Great report Loy. That had to be a blast. Hopefully closing on a house up there in the next week or so. Ive got the wind socks for my boat. Time for lake records to be broken LOL. Never say never. Has he ever used Live Goldfish???? My dad and I use to on Lake Houston and we caught some huge Blues on trotline and believe it or not some of the biggest crappie I have ever seen on them.


----------



## shadslinger (Aug 21, 2005)

Any good size baitfish should be good as long as it is big enough and fresh enough. I have caught some real barn door crappie on goldfish baited trotlines a long time ago at SAM Rayburn.Sometimes is good to put several cut up bodies of gizzard shad on one hook. Makes it real juicy.


----------



## jackieblue (Jun 13, 2006)

In my opinion: 
Fresh caught bait from the body of water you are fishing is important, as is drift speed, but the most important of this or any other fishing is being where the fish are.
Conditions change and move fish, some thing to consider are wind direction, water temp, barometric pressure, moon phase, sunny or cloudy.
This is not rocket science but things I have learned over the past fifty years of fishing. The best teacher is time on the water and not being afraid to try different things. Different rigs, bait, and on the days when nothing works don't worry about it. Every trip is not a banner one nor a record is caught, when we get to goal orientated we lose the true meaning of fishing. Enjoy every outing on the water.


----------



## shadslinger (Aug 21, 2005)

Thanks for weighing here jackieblue, and those are wise words indeed. I told Gary that I don't think I would have ever come up with all of the tricks it takes to fish specifically for these fish.

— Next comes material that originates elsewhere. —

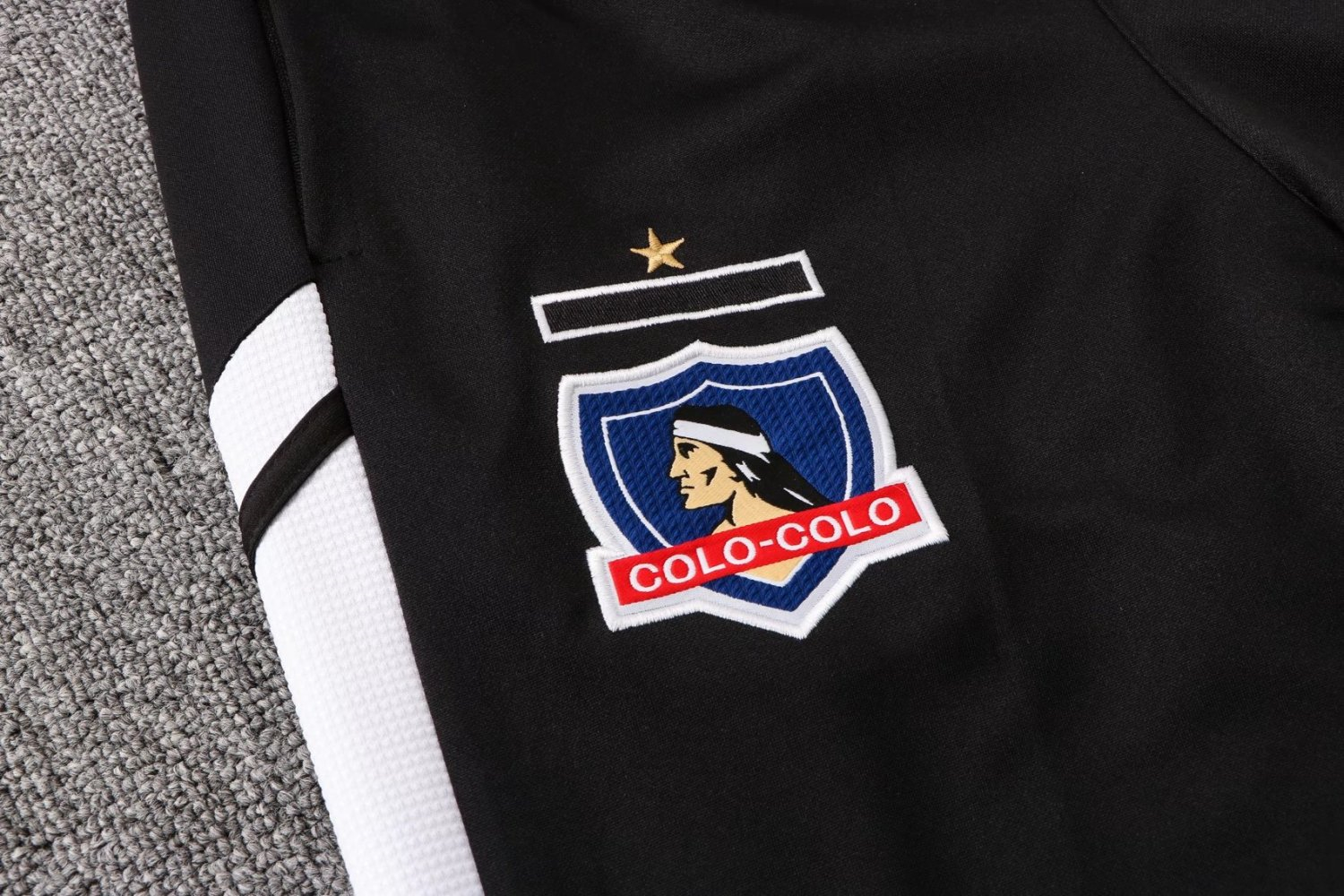 Colo Colo 2022-23 White Soccer Training Suit  Men's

The texasGG crew learned a lot from you and they were gracious enough to pass along some to me and we got to apply it to our "home" lake.
More than anything else we had some fun Monday, Robert and Gary were great company to fish with, and I look forward to fishing with them again.
Jackie, I know it's more a gesture than something that you are likly to do, but any time you would like to come up and fish I would be happy to take you out. 
A catfish pro like you would enjoy one of the best blue catfish lakes that there is.
SS


----------



## HIJACK (Aug 10, 2005)

That ROCKS!!!!


----------